I think you may be the first person to answer that question with someone from a non-fiction book. It’s a great twist on the question, and after reading the quote I can see why you find her inspirational.

What character you created was the easiest to write? The hardest?

I think that Blythe Chambers, the little girl in my upcoming novel Meadow Song, was the easiest. As to the hardest, male lead characters, Jack Chambers in Meadow Song, making them strong, yet vulnerable and realistic.

It is a hard balance to achieve sometimes. I can’t wait to find out more about them. Scripture is full of real people who had character to spare. Which one do you most relate to or enjoy reading about?

In recent years I’ve come to appreciate Nehemiah. He had the walls of Jerusalem rebuilt in fifty-two days! A strong leader and man of faith, he let nothing distract him from his purpose. He committed each step to God in prayer and stood firm against his enemies.

We tell kids all the time to chase their dreams and work for their goals. But how often do we encourage them to seek to make God’s purpose/plan their dream?

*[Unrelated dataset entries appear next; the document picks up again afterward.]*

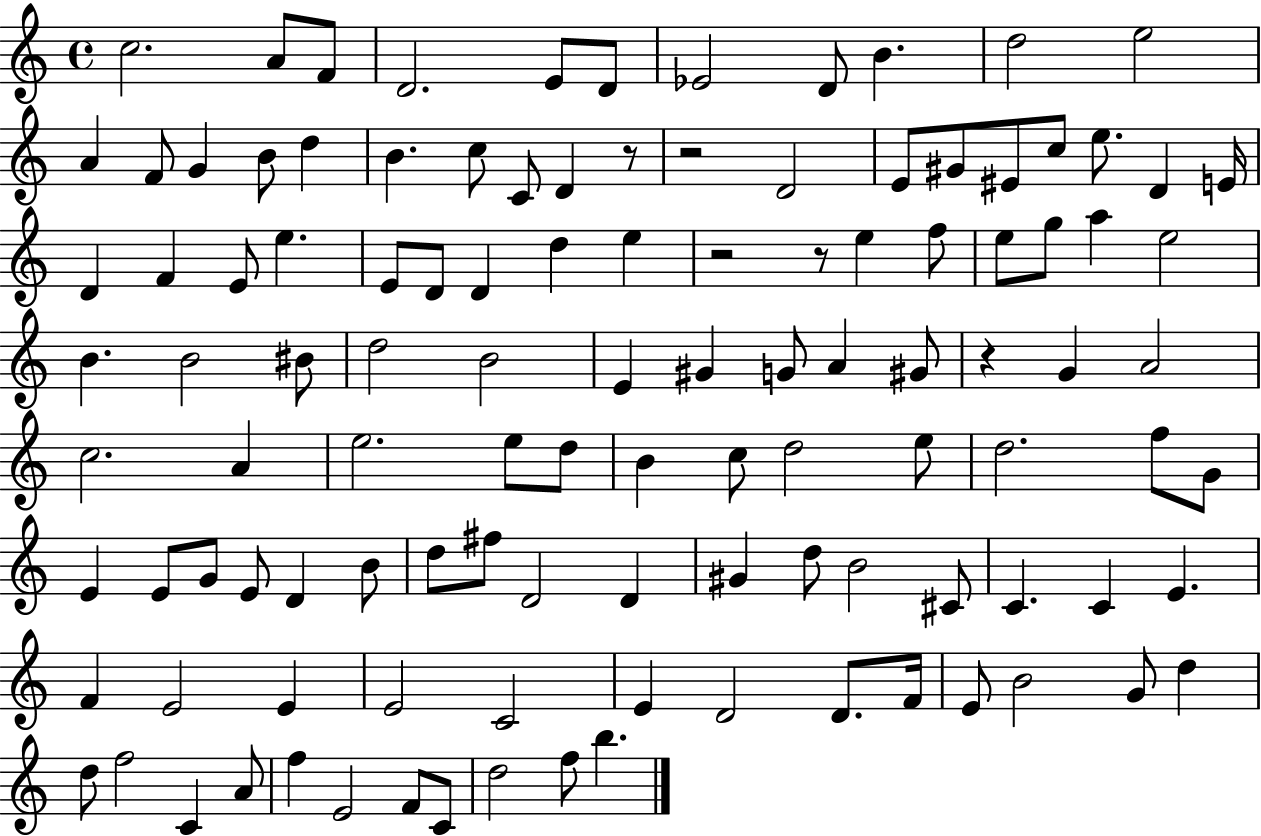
{
  \clef treble
  \time 4/4
  \defaultTimeSignature
  \key c \major
  c''2. a'8 f'8 | d'2. e'8 d'8 | ees'2 d'8 b'4. | d''2 e''2 | \break a'4 f'8 g'4 b'8 d''4 | b'4. c''8 c'8 d'4 r8 | r2 d'2 | e'8 gis'8 eis'8 c''8 e''8. d'4 e'16 | \break d'4 f'4 e'8 e''4. | e'8 d'8 d'4 d''4 e''4 | r2 r8 e''4 f''8 | e''8 g''8 a''4 e''2 | \break b'4. b'2 bis'8 | d''2 b'2 | e'4 gis'4 g'8 a'4 gis'8 | r4 g'4 a'2 | \break c''2. a'4 | e''2. e''8 d''8 | b'4 c''8 d''2 e''8 | d''2. f''8 g'8 | \break e'4 e'8 g'8 e'8 d'4 b'8 | d''8 fis''8 d'2 d'4 | gis'4 d''8 b'2 cis'8 | c'4. c'4 e'4. | \break f'4 e'2 e'4 | e'2 c'2 | e'4 d'2 d'8. f'16 | e'8 b'2 g'8 d''4 | \break d''8 f''2 c'4 a'8 | f''4 e'2 f'8 c'8 | d''2 f''8 b''4. | \bar "|."
}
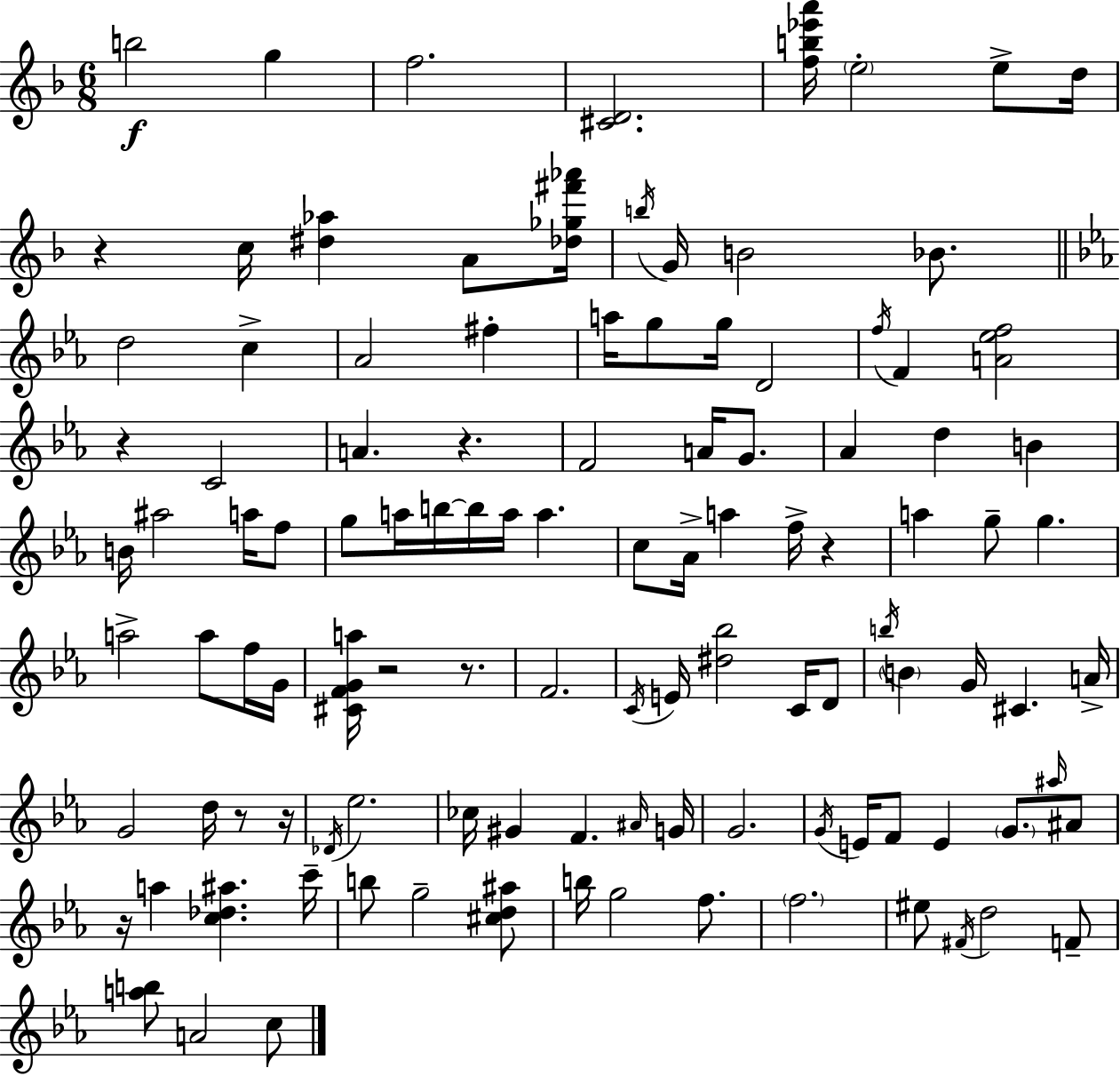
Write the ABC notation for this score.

X:1
T:Untitled
M:6/8
L:1/4
K:Dm
b2 g f2 [^CD]2 [fb_e'a']/4 e2 e/2 d/4 z c/4 [^d_a] A/2 [_d_g^f'_a']/4 b/4 G/4 B2 _B/2 d2 c _A2 ^f a/4 g/2 g/4 D2 f/4 F [A_ef]2 z C2 A z F2 A/4 G/2 _A d B B/4 ^a2 a/4 f/2 g/2 a/4 b/4 b/4 a/4 a c/2 _A/4 a f/4 z a g/2 g a2 a/2 f/4 G/4 [^CFGa]/4 z2 z/2 F2 C/4 E/4 [^d_b]2 C/4 D/2 b/4 B G/4 ^C A/4 G2 d/4 z/2 z/4 _D/4 _e2 _c/4 ^G F ^A/4 G/4 G2 G/4 E/4 F/2 E G/2 ^a/4 ^A/2 z/4 a [c_d^a] c'/4 b/2 g2 [^cd^a]/2 b/4 g2 f/2 f2 ^e/2 ^F/4 d2 F/2 [ab]/2 A2 c/2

I think we’d do a lot better is we were more like Nehemiah, seeking God’s will in all we do and then following it with tenacity. Great answer to the question!

Do you plan your characters and their backstories before you begin writing or are you as surprised by them as your readers?

I’ve done both and see value in each. A character’s backstory is a tool to use in directing the character’s actions, reactions, and relationships. But like real people, a character may do the unexpected. I view an outline the same way, as a tool to help structure your novel. As in life, the unexpected happens. In my opinion, planning gives you more flexibility. The backstory and the outline are not written in stone (I know that’s a cliché). Sometimes I’ll begin writing, and then do a backstory on the characters.

I always enjoy seeing the different paths writers take to get to the same destination. Sounds like your story development path may twist and turn from time to time. I think that makes the process more fun! 

If someone wrote a movie about you, who would you like to play your character? Why?

A movie about me? I read books more often than I watch movies, so I’m not familiar with many actresses. I suppose I’d prefer an actress who understands the Christian worldview. I’d like to meet her, get to know her.

Thank you for sharing about yourself and your writing process. I look forward to being able to share more information about your book as it becomes available.